2. Quality of service and packet shaping
One way of improving perceived performance is to ensure that the most important applications get priority. Typically, applications are allocated to classes of service (typically platinum, gold, silver, and bronze), and then policies are set for each class. For example, platinum traffic might be guaranteed at least 50 percent of the available bandwidth.
Three or four categories are typical, says Danny Price, solutions manager at Vanco Australasia, but some organisations use as many as six. A larger number is too hard to manage, he says.
Some category decisions are easy, such as blocking or severely limiting peer-to-peer file sharing, says Owen. Packeteer's software supports auto-discovery and auto-configuration, after which priorities can be fine-tuned to suit the needs of the organisation.
The traffic shaping capabilities of routers are "generally all that you need to get you started," says Atkinson. "A lot of places don't take the basic steps." If further improvements are needed, the Packeteer PacketShaper is a good product, he says.
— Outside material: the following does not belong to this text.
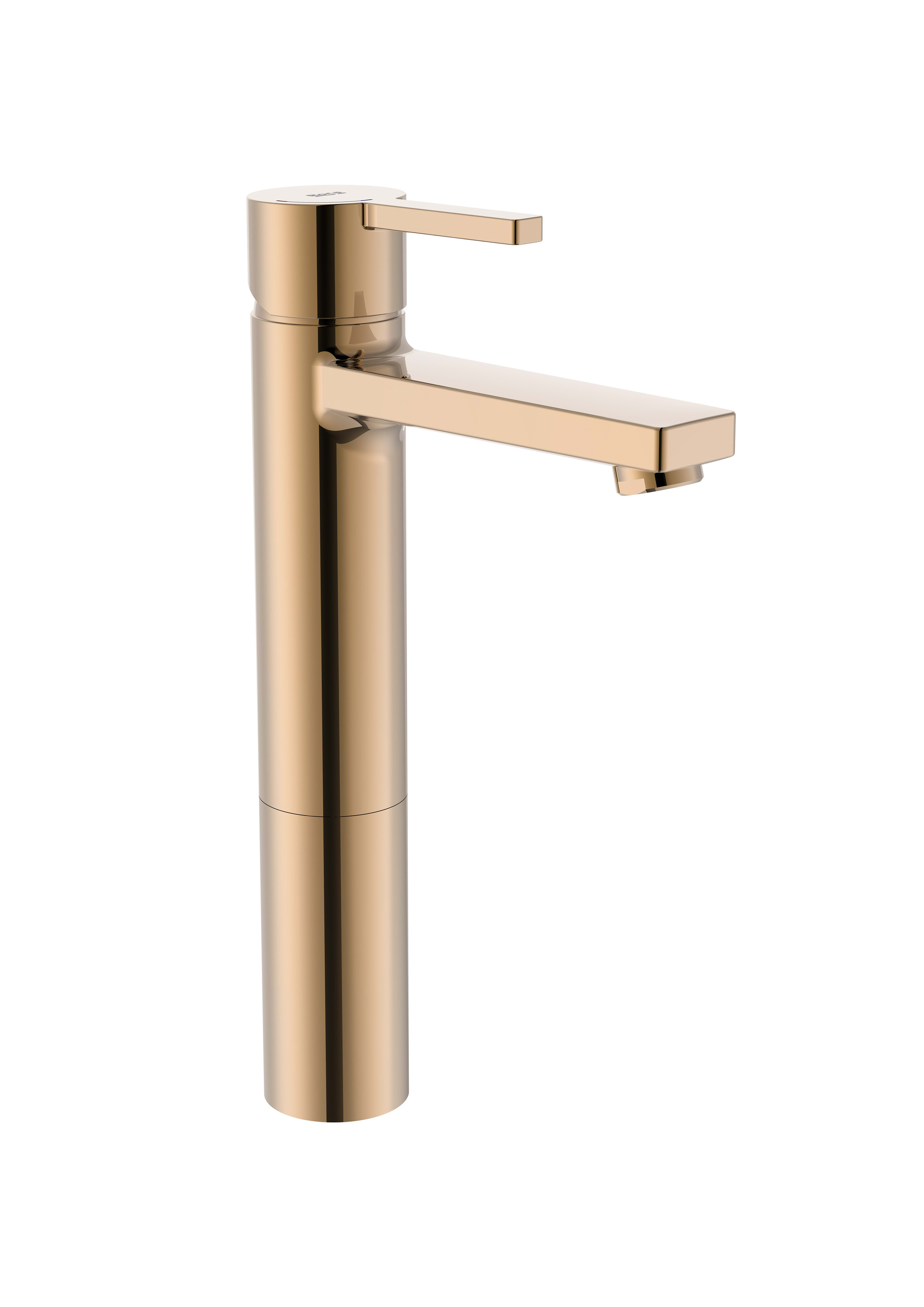 Basin faucets Rose gold Naia A5A3B96RG0 Roca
Hayes warns that people don't always understand the impact of packet shaping, which can be negative if not done correctly. "We understand the applications and how to configure the [Packeteer] devices to provide the appropriate performance for the applications [along with detailed reports that the network administrator needs]," Hayes says.
Path optimisation can be used in conjunction with service classes, says Steve Wastie, director of strategic alliances at Peribit. For example, two sites might be connected by frame relay plus a higher bandwidth VPN link via an ISP. ERP traffic might always be sent by frame relay, while internal e-mail goes across the VPN as long as the latency does not exceed 200ms. This makes good use of the infrastructure, and "is a critical enabler for us", Wastie says.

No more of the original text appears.